Pesquisadores da Universidade Virginia Commonwealth colheram, durante uma semana, saliva de 450 funcionários de uma empresa de varejo que permite a presença dos bichos de estimação. Aproximadamente 30 deles levaram seu cachorro para o trabalho pelo menos um dia durante a pesquisa. Nesse grupo, o nível de estresse diminuiu da manhã para a noite, ao contrário das pessoas que deixaram seu bicho em casa e das que não tinham um. Estas, aliás, apresentaram maiores quantidades de cortisol.

A análise de questionários e entrevistas revelou que o aumento da sensação de bem-estar não fica restrito aos proprietários dos animais. Observações como “ter cães aqui alivia o estresse”, “os bichos aumentam a cooperação” foram recorrentes. “A presença dos cães motivou a interação com os colegas e o ambiente de trabalho foi percebido como mais amigável”, diz o autor da pesquisa, Randolph Barker, ressaltando que os animais que participaram do estudo eram “educados e limpos, de forma que não causassem incômodo”. O experimento sugere que a presença do cão ajuda o cérebro a relaxar e a interpretar o ambiente como menos hostil. Barker pretende, agora, repetir o experimento em outras empresas, com mais voluntários.

Um estudo desenvolvido pelos pesquisadores Johannes Odendaal e Susan Lehmann publicado pelo “Journal of the American Association of Human-Animal Bond Veterinarian” (AAHABV) também mostra que a interação entre cães e humanos deflagra, em ambos, a diminuição da ação do cortisol no organismo, provocando sensações de bem-estar. As alterações hormonais afetam o nível de endorfinas beta, febilatalamina, prolactina e oxitocina por períodos médios de 15 minutos.

Em outra investigação, os mesmos pesquisadores se empenham em descobrir os efeitos que a interação com animais associada à psicoterapia, tem sobre os aminoácidos presentes nos neurotransmissores de pessoas com depressão e se poderiam causar mudanças químicas no cérebro e no sistema imunológico.
Seis voluntários com diagnóstico de depressão participaram de um dos estudos mais recentes de Odendaal. Durante a fase de teste, todos recebiam diariamente a visita de um cão. Antes e depois eram realizadas medições sanguineas de aminoácidos que indicavam a presença de serotonina e dopamina. Resultado: a presença dessas substâncias aumentava após o encontro dos pacientes com os animais.

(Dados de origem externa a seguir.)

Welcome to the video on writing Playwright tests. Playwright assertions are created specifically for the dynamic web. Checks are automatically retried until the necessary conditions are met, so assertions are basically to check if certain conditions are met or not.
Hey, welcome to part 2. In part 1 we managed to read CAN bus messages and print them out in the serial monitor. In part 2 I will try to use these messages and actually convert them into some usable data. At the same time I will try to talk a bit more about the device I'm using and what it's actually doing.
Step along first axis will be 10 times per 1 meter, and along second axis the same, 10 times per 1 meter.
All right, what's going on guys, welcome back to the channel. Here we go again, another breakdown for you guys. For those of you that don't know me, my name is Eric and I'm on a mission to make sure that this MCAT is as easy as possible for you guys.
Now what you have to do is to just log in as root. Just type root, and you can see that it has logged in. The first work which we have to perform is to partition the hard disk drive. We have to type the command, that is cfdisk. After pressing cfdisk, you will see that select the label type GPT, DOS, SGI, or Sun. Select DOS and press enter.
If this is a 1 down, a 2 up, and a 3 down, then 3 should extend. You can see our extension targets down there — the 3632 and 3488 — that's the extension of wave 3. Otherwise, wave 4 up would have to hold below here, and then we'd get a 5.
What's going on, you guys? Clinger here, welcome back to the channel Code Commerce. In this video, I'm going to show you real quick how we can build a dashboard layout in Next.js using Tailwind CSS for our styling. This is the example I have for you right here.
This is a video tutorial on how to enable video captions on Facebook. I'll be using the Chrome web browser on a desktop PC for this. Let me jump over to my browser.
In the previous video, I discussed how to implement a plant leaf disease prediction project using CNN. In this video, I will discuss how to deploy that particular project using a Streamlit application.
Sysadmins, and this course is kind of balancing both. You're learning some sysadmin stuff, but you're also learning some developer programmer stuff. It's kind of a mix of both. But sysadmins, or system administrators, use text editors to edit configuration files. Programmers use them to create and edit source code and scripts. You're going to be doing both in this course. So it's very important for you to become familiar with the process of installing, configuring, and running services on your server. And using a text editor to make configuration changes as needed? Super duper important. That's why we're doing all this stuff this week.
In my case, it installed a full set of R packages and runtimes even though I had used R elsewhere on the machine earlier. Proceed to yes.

Nessa mesma linha, um estudo com 6 mil pessoas realizado no Instituto Baker de Pesquisas Médicas, Austrália, pelo médico Warwik Anderson, mostrou que proprietários de cães e gatos tinham taxas menores de colesterol e triglicérides que aqueles que não tinham bichos. Indiretamente, os animais também trazem benefícios. Pesquisadores do Centro Médico Hospitalar de Northridge, Estados Unidos, constataram que apesar de predispostos a doenças cardiovasculares em decorrência de fatores de risco como fumo e excesso de peso, os pacientes obtinham melhoras significativas -– como diminuição de pressão arterial e colesterol – após adotar um bichinho de estimação que exigisse sua dedicação diária, já que os cuidados, principalmente com cães, motivam não só a troca afetiva, mas também o exercício físico – em especial as caminhadas.